The New York Stock Exchange moved in dispersed order Thursday at the start of the session, the indices being subject to high volatility as the end of the semester approaches, which encourages institutional investors to reposition at the last minute.

Around 2:25 p.m. GMT, the Dow Jones gained 0.58%, the Nasdaq yielded 0.14% and the broader S&P 500 index rose by 0.15%.

“In recent days, we have seen the market oscillate between red and green at the open,” said Quincy Krosby of LPL Financial. “But so far the indices are holding up and we’re still above the important threshold of 4,300 points for the S&P 500.”

Initially, the market had welcomed a series of indicators confirming the strength of the American economy.

Gross domestic product (GDP) growth was revised to 2% year on year in the first quarter in the United States, once morest 1.3% previously, above the 1.6% expected by some economists. In addition, new weekly jobless claims fell to 239,000 once morest 264,000 the previous week.

“This figure reminds us that the job market remains tight, which increases the probability of a rate hike by (the American central bank) next month,” commented Nancy Vanden Houten, of Oxford Economics, in a rating.

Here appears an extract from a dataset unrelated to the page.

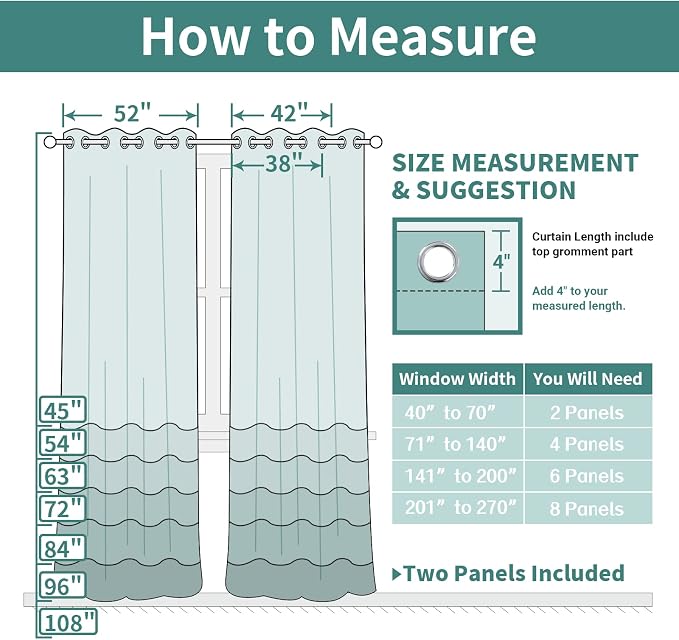 Yakamok Light Blocking Room Darkening Thermal Insulated Blackout Curtains Solid - Image 6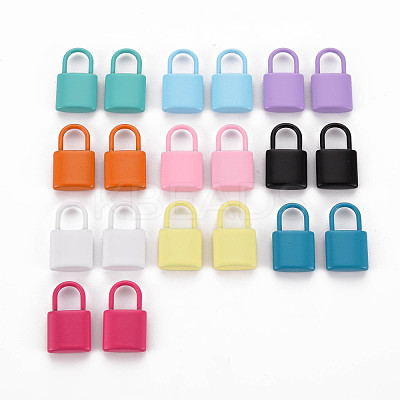 Spray Painted Alloy Pendants PALLOY-Q433-031-RS-1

After doubting the Fed’s offensive rhetoric, operators are gradually aligning themselves with its message and now attribute a probability of more than 40% to the scenario of two further rate hikes by the end of the year.

The bond market reacted badly to the prospect of this new monetary tightening. The yield on 10-year US government bonds soared to 3.85%, once morest 3.70% the day before, the highest in three months.

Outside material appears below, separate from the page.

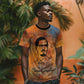Patrice Lumumba T shirt with Line Art Portrait and Truth Cannot Be Killed Inspirational Quote - African Pride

On the equity side, the New York market was shaken by rebalancing of positions as the end of the semester approached, an important date for institutional investors and portfolio managers.

“You see a lot of weird things at the end of a quarter,” said Maris Ogg of Tower Bridge Advisors. “We will not have a clear image of the market for a few days and the return of the weekend of July 4”, national holiday in the United States, added Quincy Krosby.

The giant capitalizations of tech fell under the effect of profit taking, whether Amazon (-1.02%), Alphabet (-1.20%) or Microsoft (-0.69%).

Even semiconductor maker Micron suffered (-4.06%), despite better-than-expected earnings, enthusiastic industry commentary and appetite for artificial intelligence.

The banking sector was in good shape following the publication by the US central bank (Fed) of the results of annual stress tests (stress tests), which were better than last year for all of the 23 major US banks.

Bank of America (+2.60%), Wells Fargo (+3.43%) or JPMorgan Chase (+2.71%) were all wanted.

The ghost BlackBerry was sought following (+ 11.37%), following having doubled its revenues over one year thanks to a strategic repositioning which moved the group from smartphones to cybersecurity software in particular.